We must do all we can to spare her from the ravages of any future breach of the peace. That is why, though the United States wants no territory or profit or selfish advantage out of this war, we are going to maintain the military bases necessary for the complete protection of our interests and of world peace. Bases which our military experts deem to be essential for our protection, and which are not now in our possession, we will acquire. We will acquire them by arrangements consistent with the United Nations Charter.

No one can foresee what another war would mean to our own cities and to our own people. What we are doing to Japan now-even with the new atomic bomb-is only a small fraction of what would happen to the world in a third World War.

That is why the United Nations are determined that there shall be no next war.

That is why the United Nations are determined to remain united and strong. We can never permit any aggressor in the future to be clever enough to divide us or strong enough to defeat us.

That was the guiding spirit in the Conference at San Francisco.

That was the guiding spirit in the Conference of Berlin.

That will be the guiding spirit in the peace settlements to come.

In the Conference of Berlin, it was easy for me to get along in mutual understanding and friendship with Generalissimo Stalin, with Prime Minister Churchill, and later with Prime Minister Attlee.

Strong foundations of good-will and cooperation had been laid by President Roosevelt.
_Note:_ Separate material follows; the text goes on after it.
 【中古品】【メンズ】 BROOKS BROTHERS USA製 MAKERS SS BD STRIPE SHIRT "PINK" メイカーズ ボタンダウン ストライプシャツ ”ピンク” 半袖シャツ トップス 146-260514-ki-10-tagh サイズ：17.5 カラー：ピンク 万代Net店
And it was clear that those foundations rested on much more than the personal friendships of three individuals. There was a fundamental accord and agreement upon the objectives ahead of us.

Two of the three conferees of Teheran and Yalta were missing by the end of this Conference. Each of them was sorely missed. Each had done his work toward winning this war. Each had made a great contribution toward establishing and maintaining a lasting world peace. Each of them seems to have been ordained to lead his country in its hour of greatest need. And so thoroughly had they done their jobs that we were able to carry on and to reach many agreements essential to the future peace and security of the world.

The results of the Berlin Conference have been published. There were no secret agreements or commitments-apart from current military arrangements.

And it was made perfectly plain to my colleagues at the Conference that, under our Constitution, the President has no power to make-any treaties without ratification by the Senate of the United States.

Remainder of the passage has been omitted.